Pero el suegro de Moisés le dijo:
«Esto que haces no está bien,
pues te cansarás tú, y también se cansará este pueblo. Este trabajo es demasiado pesado para ti, y no vas a poder hacerlo tú solo.
Préstame atención, que voy a darte un consejo, y que Dios te acompañe. Preséntate ante Dios en lugar del pueblo, y somete a su juicio todos los problemas.
Enséñales a ellos las ordenanzas y las leyes, e indícales cómo deben conducirse, y qué deben hacer.
Además, escoge de entre el pueblo algunos hombres respetables y temerosos de Dios, confiables y nada ambiciosos, y ponlos al frente de grupos de mil, cien, cincuenta y diez personas.
Que se ocupen ellos de juzgar al pueblo en todo momento, que dicten sentencia en cuestiones menores, y que a ti te remitan todo asunto de gravedad.

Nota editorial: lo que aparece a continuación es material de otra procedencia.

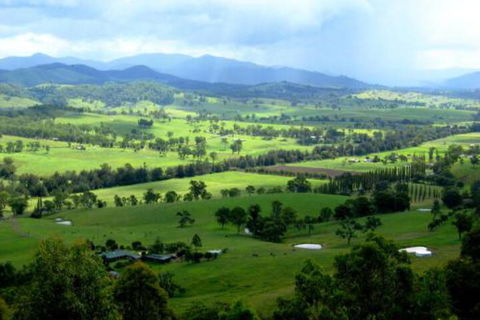 Barrington River House - Tourism Caloundra 0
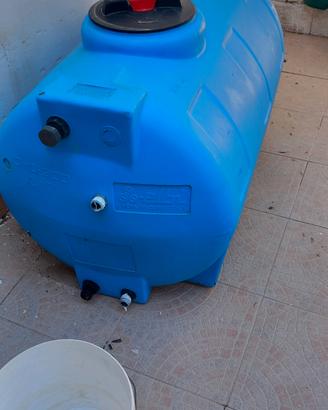 bidone di riserva acqua 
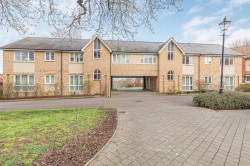Images for Abernant Drive, Newmarket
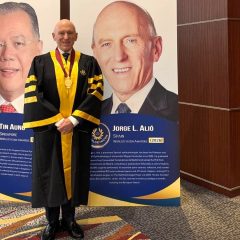 Imagem da notícia: Jorge Alió eleito presidente da European Academy of Ophthalmology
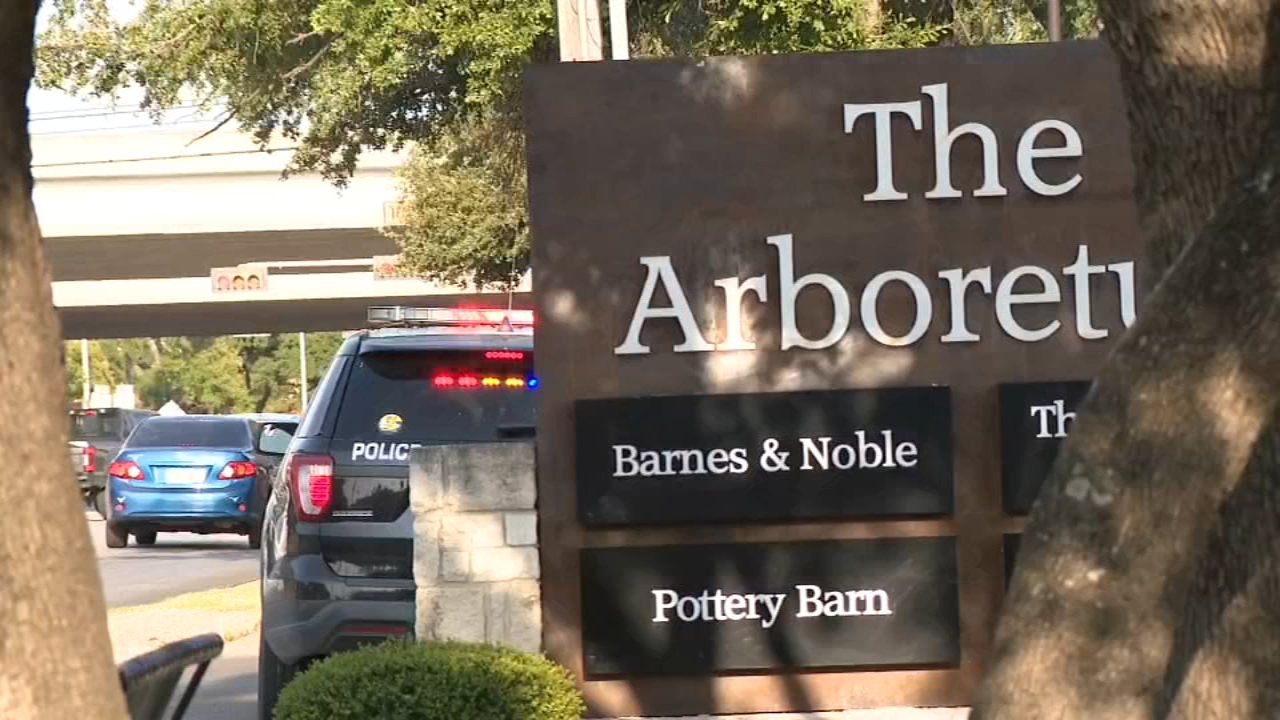 Suspected shooter among 2 dead after shots fired at Austin's Arboretum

Así aligerarás tu carga, pues ellos la llevarán contigo.
Si haces esto, y Dios así te lo ordena, podrás resistir; además, todo el pueblo volverá tranquilo a su casa.»
Moisés atendió a la voz de su suegro, e hizo todo lo que le dijo,
pues de entre todo Israel escogió hombres respetables y los puso a cargo del pueblo como jefes de grupos de mil, cien, cincuenta y diez personas.
Ellos juzgaban al pueblo en todo momento y dictaban sentencia en todo asunto menor, y remitían a Moisés las cuestiones difíciles de resolver.
Después Moisés despidió a su suegro, y este volvió a su tierra.